Según escribió el filósofo Umberto Eco existen señales claras para identificar al fascismo, como el culto a la tradición y el rechazo a lo moderno, miedo a la diferencia: racista por definición.
"No hacen nada. Más de mil millones de dólares al año estamos gastando en ellos", declaró en la campaña reciente Jair Bolsonario, el casi seguro próximo presidente de Brasil, sobre sus ciudadanos con ascendencia africana.
Bolsonaro un ultraderechista de tradición militar ganó la primera ronda de las elecciones de Brasil y disputará la presidencia en una segunda vuelta, el próximo 28 de octubre.

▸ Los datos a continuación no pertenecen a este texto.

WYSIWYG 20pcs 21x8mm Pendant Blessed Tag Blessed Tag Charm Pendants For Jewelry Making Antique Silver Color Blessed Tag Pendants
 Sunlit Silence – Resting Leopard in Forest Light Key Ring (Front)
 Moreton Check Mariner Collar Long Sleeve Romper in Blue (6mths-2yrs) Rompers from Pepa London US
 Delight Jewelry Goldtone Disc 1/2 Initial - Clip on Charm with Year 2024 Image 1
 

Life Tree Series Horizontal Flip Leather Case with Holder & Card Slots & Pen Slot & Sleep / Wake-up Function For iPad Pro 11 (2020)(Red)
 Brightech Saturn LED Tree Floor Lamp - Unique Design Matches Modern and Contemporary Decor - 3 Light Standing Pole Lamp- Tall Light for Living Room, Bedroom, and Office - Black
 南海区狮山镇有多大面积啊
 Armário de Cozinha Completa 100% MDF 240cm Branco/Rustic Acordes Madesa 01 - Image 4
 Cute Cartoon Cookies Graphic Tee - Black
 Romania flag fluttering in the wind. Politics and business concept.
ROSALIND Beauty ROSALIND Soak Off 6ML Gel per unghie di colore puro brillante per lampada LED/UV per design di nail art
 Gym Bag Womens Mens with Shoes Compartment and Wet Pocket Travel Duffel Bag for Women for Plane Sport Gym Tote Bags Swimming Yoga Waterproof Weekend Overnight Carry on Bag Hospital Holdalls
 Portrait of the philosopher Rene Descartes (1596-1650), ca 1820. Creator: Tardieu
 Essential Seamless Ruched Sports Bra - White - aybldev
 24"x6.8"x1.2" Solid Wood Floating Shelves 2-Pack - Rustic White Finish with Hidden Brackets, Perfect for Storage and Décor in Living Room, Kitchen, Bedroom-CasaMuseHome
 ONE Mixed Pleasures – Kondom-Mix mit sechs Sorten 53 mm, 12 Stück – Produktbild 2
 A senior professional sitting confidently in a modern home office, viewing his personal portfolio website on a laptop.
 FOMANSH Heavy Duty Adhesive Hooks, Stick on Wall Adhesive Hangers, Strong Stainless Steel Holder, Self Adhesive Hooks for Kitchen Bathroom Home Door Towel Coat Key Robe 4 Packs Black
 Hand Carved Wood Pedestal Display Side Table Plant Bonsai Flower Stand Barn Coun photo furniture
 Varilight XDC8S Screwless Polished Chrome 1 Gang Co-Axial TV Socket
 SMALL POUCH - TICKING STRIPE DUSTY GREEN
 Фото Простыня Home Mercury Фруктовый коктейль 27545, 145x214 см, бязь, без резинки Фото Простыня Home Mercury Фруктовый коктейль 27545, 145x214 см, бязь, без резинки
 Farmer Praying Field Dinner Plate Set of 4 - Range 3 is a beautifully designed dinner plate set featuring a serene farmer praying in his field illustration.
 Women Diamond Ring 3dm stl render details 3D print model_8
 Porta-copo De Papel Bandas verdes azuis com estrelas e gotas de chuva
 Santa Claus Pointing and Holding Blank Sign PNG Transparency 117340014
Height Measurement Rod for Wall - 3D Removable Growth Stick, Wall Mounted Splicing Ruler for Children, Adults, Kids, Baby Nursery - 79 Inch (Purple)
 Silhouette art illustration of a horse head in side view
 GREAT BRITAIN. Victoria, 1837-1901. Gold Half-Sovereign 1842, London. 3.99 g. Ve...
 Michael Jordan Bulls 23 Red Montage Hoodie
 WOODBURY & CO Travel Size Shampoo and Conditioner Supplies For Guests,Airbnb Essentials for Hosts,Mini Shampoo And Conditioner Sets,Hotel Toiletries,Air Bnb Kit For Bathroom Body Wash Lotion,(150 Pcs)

Sus dichos públicos, personales y directos lo revelan como un fascista si se considera la definición de Eco. "Sería incapaz de amar un hijo homosexual. No voy a ser hipócrita aquí. Prefiero que un hijo mío muera en un accidente a que aparezca con un bigotudo por ahí" (2011, entrevista con una revista local de Río).
Se convirtió en evangélico, en manos de un pastor, diputado y cristiano, con una ceremonia en el río Jordán, en Israel, lo que le atrajo las simpatías de al menos 50 millones de brasileños que profesan las creencias pentecostales, así como a los millones más que añoran la dictadura militar. "Estoy a favor de la tortura. Y el pueblo está a favor también", declaraba desde 1999, durante una entrevista televisiva.
Un fascista, abunda el escritor italiano, "se aprovecha de la frustración social, seduce a las clases medias golpeadas por las crisis económicas y los ajetreos políticos, se obsesiona con el complot; atemoriza de un peligro, y para ello recurre a la xenofobia, desprecia a la mujer y es intolerante con los homosexuales".
Un fascista entonces: "El hijo empieza a mostrarse amanerado, gay, cambia su comportamiento…, menos mal que me dieron unos chirlos de chico, mi padre me enseñó a ser hombre". "No voy a combatir ni discriminar, pero si veo a dos hombres besándose en la calle los voy a golpear" (2002, en entrevista).
Y ha repetido muy seguido: "Tuve cuatro hijos y en un momento de debilidad, tuve una hija", bromeó en referencia a sus propios hijos, todos son parte de su equipo y uno incluso diputado en el Congreso.
Preferido por el 46 por ciento de los votos, Bolsonaro, de 63 años, ha acudido a un lenguaje que desprecian, y no consideran amenazante, los de la cúpula política, ni los centristas de Fernando Henrique Cardoso o los del centro izquierda de Inácio Lula Da Silva, creían que llegaría a tanto. "Deberían haber sido fusilados unos 30 mil corruptos, empezando por el presidente Fernando Henrique Cardoso", ya refería desde 1999.
Pero el racista, xenófobo, con discurso de barrio bajo, supo recoger para su beneficio el reclamo y las actitudes de rabia de millones de brasileños contra los gobiernos del Partido del Trabajo (PT) – a quienes se les reclama la irregular redistribución en uno de los países más desiguales del mundo–. Ha sabido canalizar el reclamo contra programas como Bolsa Familia, que para los de clase media sólo son asistencialismo populachero.
El exmilitar ha transformado el chiste políticamente incorrecto –misógino, homófobo, racista, en contra de mujeres, gays, indígenas o medioambientalistas– en un arma política, en la medida de un subtexto facilón que alienta la discusión, el rechazo, la burla, pero que sin duda llama la atención.
"Defiendo la pena de muerte y el rígido control de la natalidad, porque veo la violencia y la miseria que cada vez se extiende más por nuestro país. Quien no tiene condiciones de tener hijos, no debe tenerlos", declaraba en 1993, durante una reunión del Congreso.
Ese mismo sentimiento, lo ha vertido en todos los días de campaña. Un proselitismo en el que aprovechó que Lula se bajó de la contienda –por su proceso legal acusado de soborno–, para entonces soltar toda la batería de insultos a las libertades conseguidas por la izquierda.